● Task to carry out
Keep every line of the data below that has the string "vector" and present those lines.

_ _ _ _ _

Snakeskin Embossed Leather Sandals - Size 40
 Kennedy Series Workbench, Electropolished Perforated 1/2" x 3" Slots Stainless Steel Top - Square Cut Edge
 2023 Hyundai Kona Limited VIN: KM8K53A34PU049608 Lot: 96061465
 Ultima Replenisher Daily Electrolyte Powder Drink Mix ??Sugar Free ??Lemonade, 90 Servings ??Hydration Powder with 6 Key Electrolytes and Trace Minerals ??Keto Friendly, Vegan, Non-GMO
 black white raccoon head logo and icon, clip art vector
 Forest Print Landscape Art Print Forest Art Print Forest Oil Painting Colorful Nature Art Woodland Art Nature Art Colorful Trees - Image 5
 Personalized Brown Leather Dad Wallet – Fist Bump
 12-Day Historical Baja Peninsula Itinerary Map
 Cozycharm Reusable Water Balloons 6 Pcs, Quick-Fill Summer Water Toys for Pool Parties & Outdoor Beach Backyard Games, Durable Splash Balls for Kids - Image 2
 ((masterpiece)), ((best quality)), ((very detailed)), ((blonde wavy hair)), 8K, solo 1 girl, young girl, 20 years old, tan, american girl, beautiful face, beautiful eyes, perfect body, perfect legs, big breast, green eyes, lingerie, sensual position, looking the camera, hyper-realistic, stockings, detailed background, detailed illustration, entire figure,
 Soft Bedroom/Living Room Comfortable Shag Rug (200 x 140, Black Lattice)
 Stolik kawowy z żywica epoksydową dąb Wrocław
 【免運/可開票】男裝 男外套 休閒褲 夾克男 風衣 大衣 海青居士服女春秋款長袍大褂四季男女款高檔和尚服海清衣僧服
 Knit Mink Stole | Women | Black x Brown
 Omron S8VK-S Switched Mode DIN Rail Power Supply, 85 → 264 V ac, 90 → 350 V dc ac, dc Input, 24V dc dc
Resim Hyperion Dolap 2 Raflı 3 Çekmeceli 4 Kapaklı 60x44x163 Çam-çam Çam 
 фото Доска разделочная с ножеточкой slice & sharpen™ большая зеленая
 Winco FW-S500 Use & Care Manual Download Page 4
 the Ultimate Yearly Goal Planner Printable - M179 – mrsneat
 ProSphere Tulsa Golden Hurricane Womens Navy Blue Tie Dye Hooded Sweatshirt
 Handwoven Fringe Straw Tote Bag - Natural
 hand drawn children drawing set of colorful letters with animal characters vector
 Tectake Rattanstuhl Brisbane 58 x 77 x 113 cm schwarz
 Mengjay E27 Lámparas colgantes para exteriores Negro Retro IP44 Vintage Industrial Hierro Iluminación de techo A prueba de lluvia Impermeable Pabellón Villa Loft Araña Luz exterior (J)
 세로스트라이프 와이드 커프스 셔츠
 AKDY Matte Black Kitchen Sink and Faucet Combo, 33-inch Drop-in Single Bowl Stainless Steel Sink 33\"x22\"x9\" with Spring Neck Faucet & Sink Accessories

_ _ _ _ _

● Problem solution
 black white raccoon head logo and icon, clip art vector
 hand drawn children drawing set of colorful letters with animal characters vector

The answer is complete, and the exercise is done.